* _Information given_:
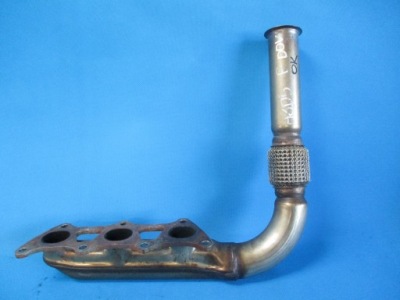 Колектор випускний лівий audi a6 c8 3.0tdi ddv фото №1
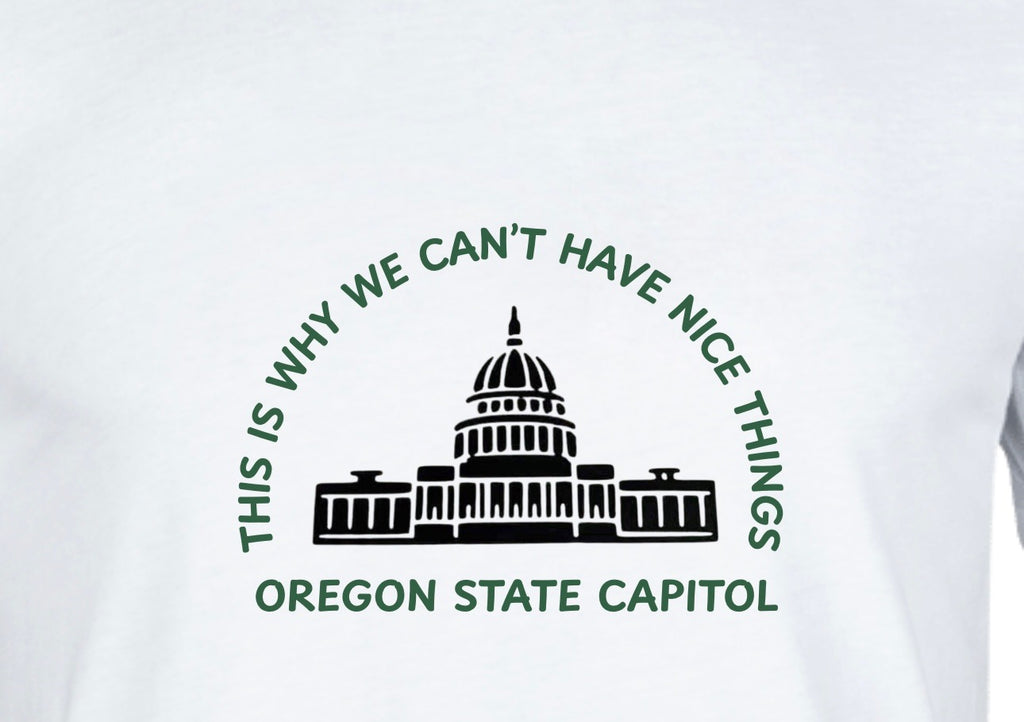 This is why graphic tee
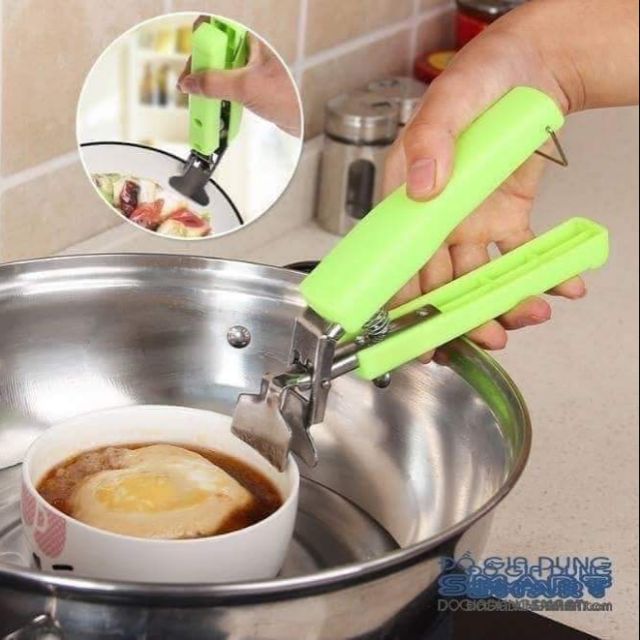 Dụng cụ kẹp đồ nóng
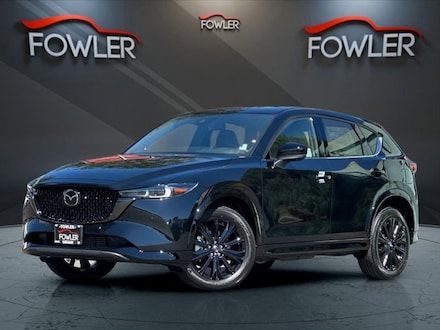 2025 Mazda CX-5 2.5 Turbo Premium AWD Sport Utility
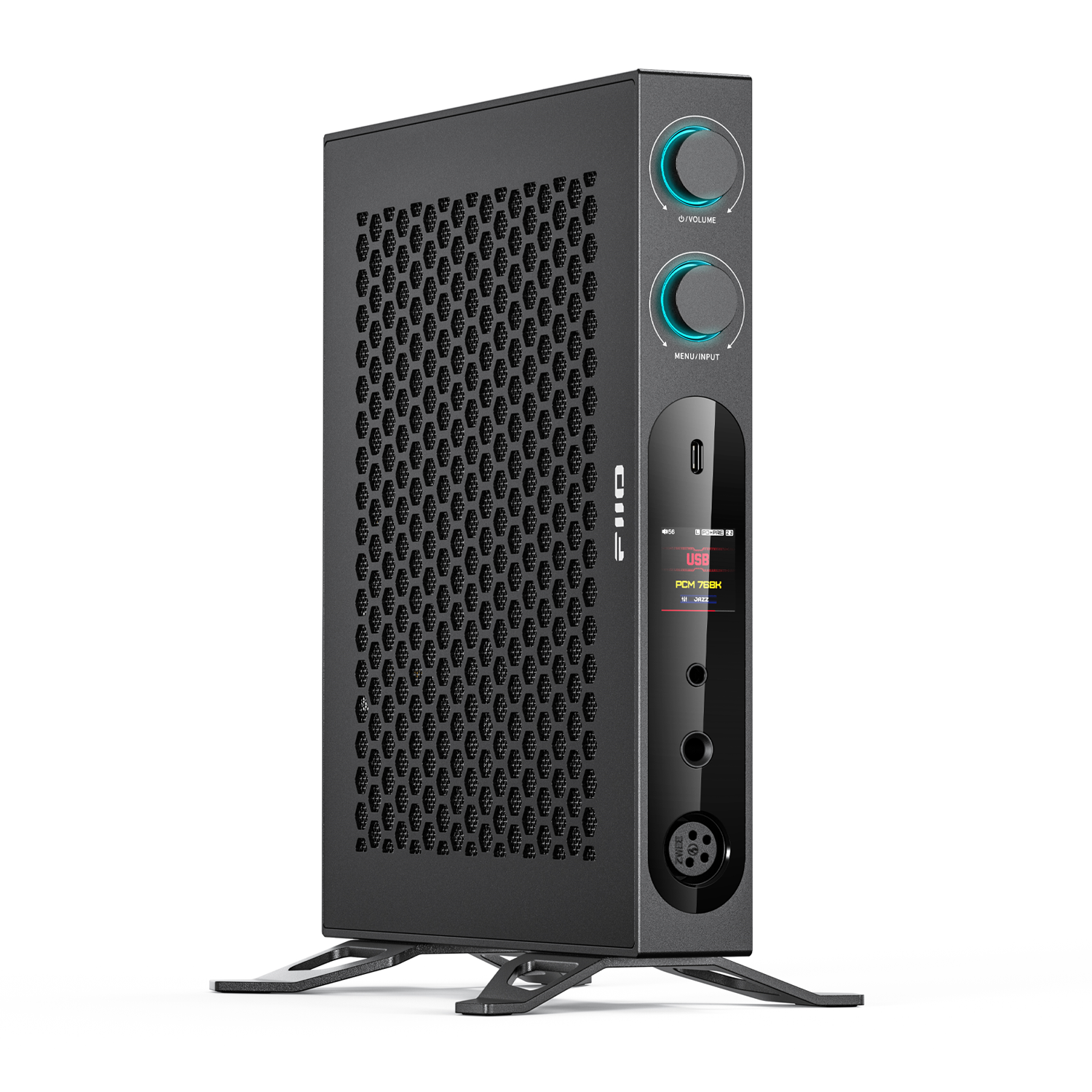 FiiO K19 - Wzmacniacz słuchawkowy z DAC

* _Exercise goal_: From the first line to the last, output the data exactly, without the pictures.

* _Task solution_:
 Колектор випускний лівий audi a6 c8 3.0tdi ddv фото №1
 This is why graphic tee
 Dụng cụ kẹp đồ nóng
 2025 Mazda CX-5 2.5 Turbo Premium AWD Sport Utility
 FiiO K19 - Wzmacniacz słuchawkowy z DAC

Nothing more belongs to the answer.